I chose to post this in the training and behaviour section simply because there is nothing you can do to prepare yourself, or your v to go for a walk after 2 days of freezing rain, well except for maybe studded boots. 

Lui was slopping and sliding all over the place. We both took a couple of tumbles, and when i fould fall he would just look down at me and wag his tail and try to lick me. When he stumbled, he would get up and look at me as if he was saying "are you actually making me walk in this S&%T".


----------



## SerCopper (Nov 1, 2011)

My little guy stood at the door and needed lots of encouragement to actually get outside. While outside he spent most of his time eating the frozen grass...

I took a nasty tumble on the front steps but my back seems okay today.


----------



## tracker (Jun 27, 2011)

Funny, Lui thinks snow/ice is an all you can eat buffet, and thinks he isn't allowed to have it and protects it. 

These dogs are hilarious.


----------



## SerCopper (Nov 1, 2011)

How old is your boy? Mine is 14 weeks. 

We should get them together sometime.


----------



## tracker (Jun 27, 2011)

He will be 1 on January 18th. We are at the dog park in Manotick all the time, have seen other v's there almost every time we go.


----------



## SerCopper (Nov 1, 2011)

Interesting. Everywhere I go with Copper people ask what kind of dog he is.

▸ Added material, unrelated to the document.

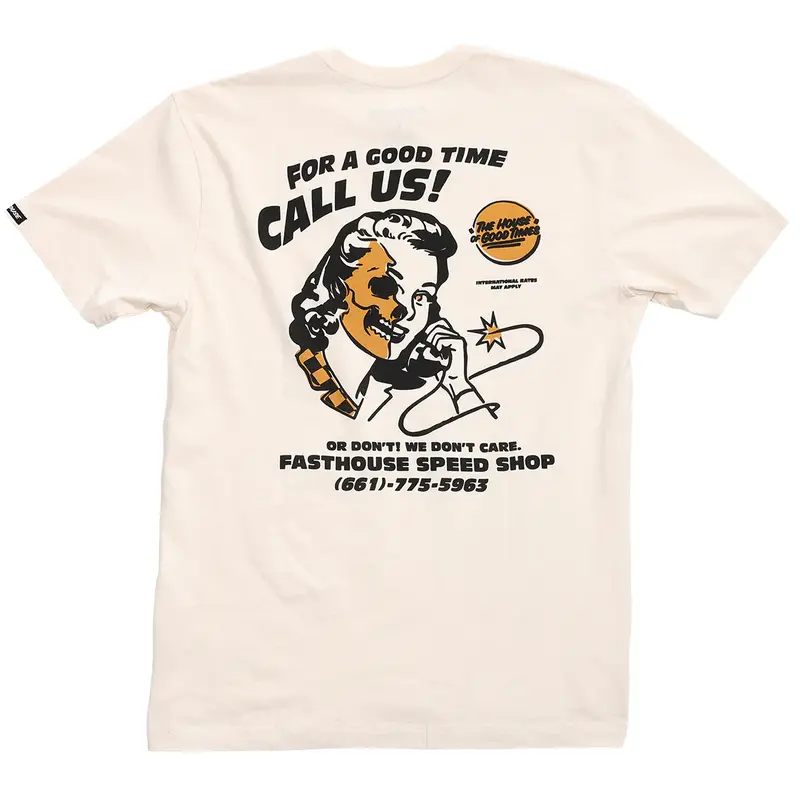 Fasthouse Call Us Tee - Natural 1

Where abouts is this park in Manotick? Off leash?


----------



## tracker (Jun 27, 2011)

Yes it is a huge off leash park, right at the end of Barnsdale Road, off of Rideau Valley Drive. 

It isn't too busy but there are always dogs there that want to play, and usually very well socialized.


----------



## SerCopper (Nov 1, 2011)

Thanks for the recomendation Trackless, we took Copper to David Bartlett park this morning and he had a great time meeting some new friends while prancing about in the snow. It was our first time at an off leash dog park and the experience was very good. We live pretty close to Bruce Pit but the volume of dogs there overwhelms me so we have never visited. Copper is weeks now and has fallen into a pretty good routine all in all he has been pretty easy to manage and we haven't had any issues that were not easily address. I think Liz and Kris at Pointblank did a great job.


----------



## tracker (Jun 27, 2011)

glad you enjoyed it......

i had Lui there yesterday evening, and he romped for about 2 hours. Woke him up this morning, and he didnt even want to go for a walk this morning, very tired and good boy today. 

Happy new year.


----------